Return each line below exactly as it reads, and omit any image in it.

-------- DATA EXCERPT

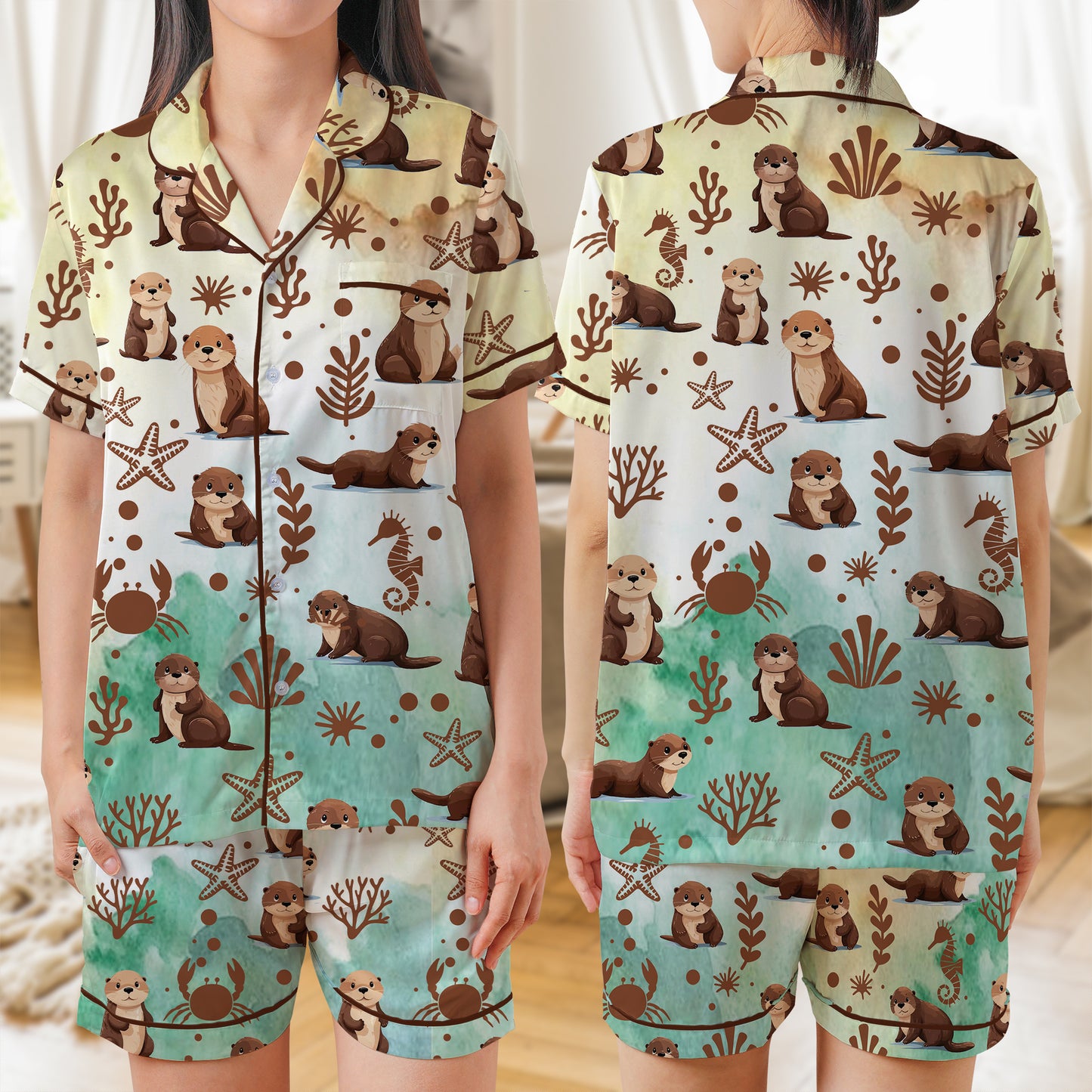 Sea Otter AOP Satin Short-Sleeve Pajamas Set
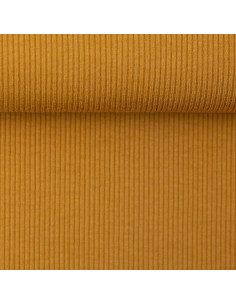 Fine ribbed cotton jersey fabric - Ochre yellow 2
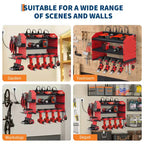 Support de rangement mural pour outils, rouge et noir, 3-4 niveaux, 4-8 fentes pour perceuses, utilisateur unique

----------------

ANSWER BOX:
 Sea Otter AOP Satin Short-Sleeve Pajamas Set
 Fine ribbed cotton jersey fabric - Ochre yellow 2
 Support de rangement mural pour outils, rouge et noir, 3-4 niveaux, 4-8 fentes pour perceuses, utilisateur unique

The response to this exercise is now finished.